7. The method of claim 1, wherein the protrusions are arranged in an isotropic pattern.

8. The method of claim 1, wherein the protrusions are arranged in an anisotropic pattern.

9. The method of claim 1, wherein the protrusions are located at the surface of the construct in a detachable form.

10. The method of claim 1, wherein the protrusions are located at the surface of the construct in a non-detachable form.

11. The method of claim 1, wherein the protrusions are round.

12. The method of claim 1, wherein the protrusions are polygonal.

13. The construct of claim 1, wherein the pillars are extend about 50 nm to 4 μm, or about 100 nm to about 2 μm above the surface of the construct.

14. The construct of claim 1, wherein the pitch between the pillars from edge to edge is between 200 nm to 250 nm.

15. The construct of claim 1, wherein a residual layer is arranged between the pillars and the surface of the construct.

16. The construct of claim 1, wherein the construct is obtained via nano-imprinting lithography.

17. The construct of claim 16, wherein the nano-imprinting lithography is thermal nano-imprinting lithography or UV nano-imprinting lithography.

18. The construct of claim 16, wherein the construct and/or the protrusions are made of a polymer.

19. The construct of claim 18, wherein the polymer is a synthetic polymer, or a rigid synthetic polymer, or a bioresorbable polymer, or a biodegradable polymer.

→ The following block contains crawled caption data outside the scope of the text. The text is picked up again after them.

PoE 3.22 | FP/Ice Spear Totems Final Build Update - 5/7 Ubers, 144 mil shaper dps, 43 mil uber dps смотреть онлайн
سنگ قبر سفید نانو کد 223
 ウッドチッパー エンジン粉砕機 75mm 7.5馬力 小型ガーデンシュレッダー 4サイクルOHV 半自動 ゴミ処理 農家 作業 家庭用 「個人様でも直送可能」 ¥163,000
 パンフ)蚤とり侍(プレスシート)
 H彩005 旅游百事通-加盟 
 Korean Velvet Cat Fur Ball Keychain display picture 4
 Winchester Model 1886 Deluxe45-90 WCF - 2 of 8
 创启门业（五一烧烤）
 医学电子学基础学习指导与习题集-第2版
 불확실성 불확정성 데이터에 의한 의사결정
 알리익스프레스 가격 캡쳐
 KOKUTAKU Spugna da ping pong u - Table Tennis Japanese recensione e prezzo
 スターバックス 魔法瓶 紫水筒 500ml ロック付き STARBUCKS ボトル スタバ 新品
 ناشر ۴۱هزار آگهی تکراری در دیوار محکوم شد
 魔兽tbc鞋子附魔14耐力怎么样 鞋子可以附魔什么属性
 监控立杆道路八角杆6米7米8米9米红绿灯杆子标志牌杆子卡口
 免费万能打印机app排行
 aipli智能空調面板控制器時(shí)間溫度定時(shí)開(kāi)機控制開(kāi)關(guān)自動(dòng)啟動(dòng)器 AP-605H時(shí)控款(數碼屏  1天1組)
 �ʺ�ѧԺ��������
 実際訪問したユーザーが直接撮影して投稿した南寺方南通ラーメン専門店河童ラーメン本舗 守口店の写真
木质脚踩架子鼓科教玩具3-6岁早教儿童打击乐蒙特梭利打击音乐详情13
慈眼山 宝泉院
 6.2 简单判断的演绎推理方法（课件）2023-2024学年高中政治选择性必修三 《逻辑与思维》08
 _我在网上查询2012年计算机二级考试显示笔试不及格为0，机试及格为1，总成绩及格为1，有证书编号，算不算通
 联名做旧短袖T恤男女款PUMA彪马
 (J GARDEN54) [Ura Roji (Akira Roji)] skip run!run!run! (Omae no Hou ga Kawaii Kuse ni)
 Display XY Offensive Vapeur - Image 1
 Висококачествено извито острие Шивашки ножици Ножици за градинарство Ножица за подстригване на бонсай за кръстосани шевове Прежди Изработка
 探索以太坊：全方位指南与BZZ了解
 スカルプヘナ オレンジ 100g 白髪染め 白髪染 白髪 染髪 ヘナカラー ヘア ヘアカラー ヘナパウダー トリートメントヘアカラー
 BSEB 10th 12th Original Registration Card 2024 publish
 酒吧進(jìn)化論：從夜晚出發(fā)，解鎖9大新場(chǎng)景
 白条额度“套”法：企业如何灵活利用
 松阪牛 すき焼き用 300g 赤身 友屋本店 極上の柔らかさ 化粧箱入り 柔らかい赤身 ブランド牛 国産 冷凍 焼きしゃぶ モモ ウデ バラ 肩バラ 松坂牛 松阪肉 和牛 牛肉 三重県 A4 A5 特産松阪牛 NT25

20. The construct of claim 19, wherein the synthetic polymer is selected from the group consisting of poly(methyl methacrylate) (PMMA), polydimethylsiloxane (PDMS), polystyrene (PS) and mixtures thereof, or

wherein the biodegradable polymer is selected from the group consisting of chitosan, poly(ε-caprolactone), polyglycolic acid, poly(lactic acid), polyphosphoester (PPE) and mixtures thereof, or

wherein the rigid synthetic polymer is polystyrene, optionally the polystyrene is tissue-culture grade polystyrene (TCPS).

21. The construct of claim 18, wherein during manufacture the polymer is mixed with molecules which are to be absorbed by the cell to be located on the construct, optionally wherein the molecules are attached to the surface of the protrusions.